#### [Data section]

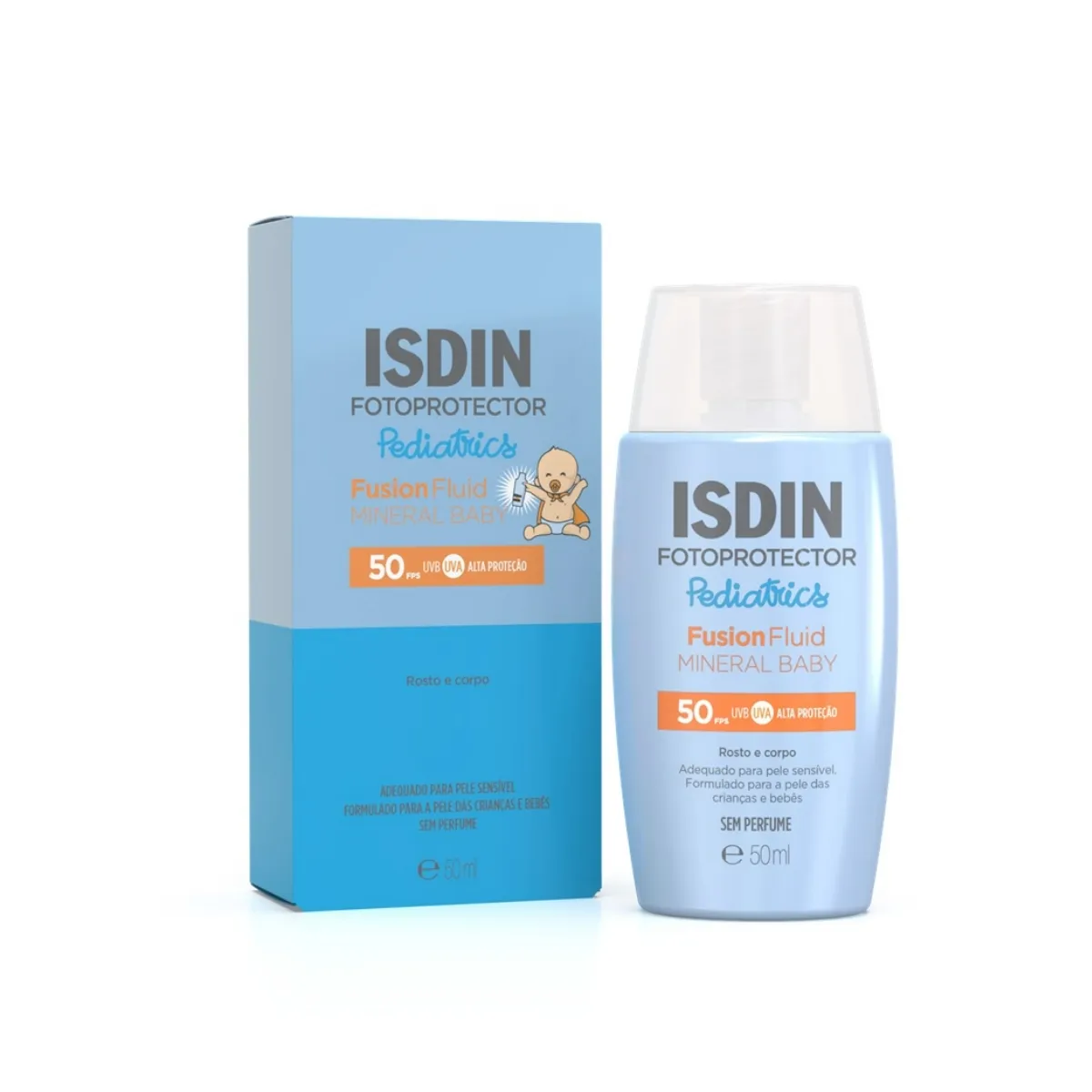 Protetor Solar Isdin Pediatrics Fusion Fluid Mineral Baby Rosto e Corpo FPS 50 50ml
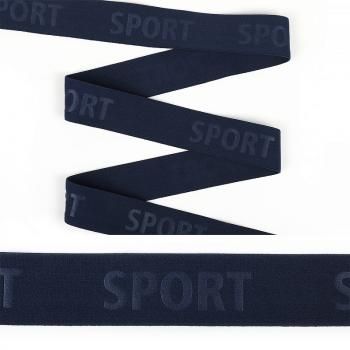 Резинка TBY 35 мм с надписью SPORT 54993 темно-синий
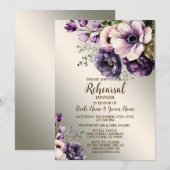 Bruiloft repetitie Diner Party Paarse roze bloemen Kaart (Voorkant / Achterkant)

#### [What you need to do]
Return every line above verbatim, pictures excluded.

#### [Completed exercise]
 Protetor Solar Isdin Pediatrics Fusion Fluid Mineral Baby Rosto e Corpo FPS 50 50ml
 Резинка TBY 35 мм с надписью SPORT 54993 темно-синий
 Bruiloft repetitie Diner Party Paarse roze bloemen Kaart (Voorkant / Achterkant)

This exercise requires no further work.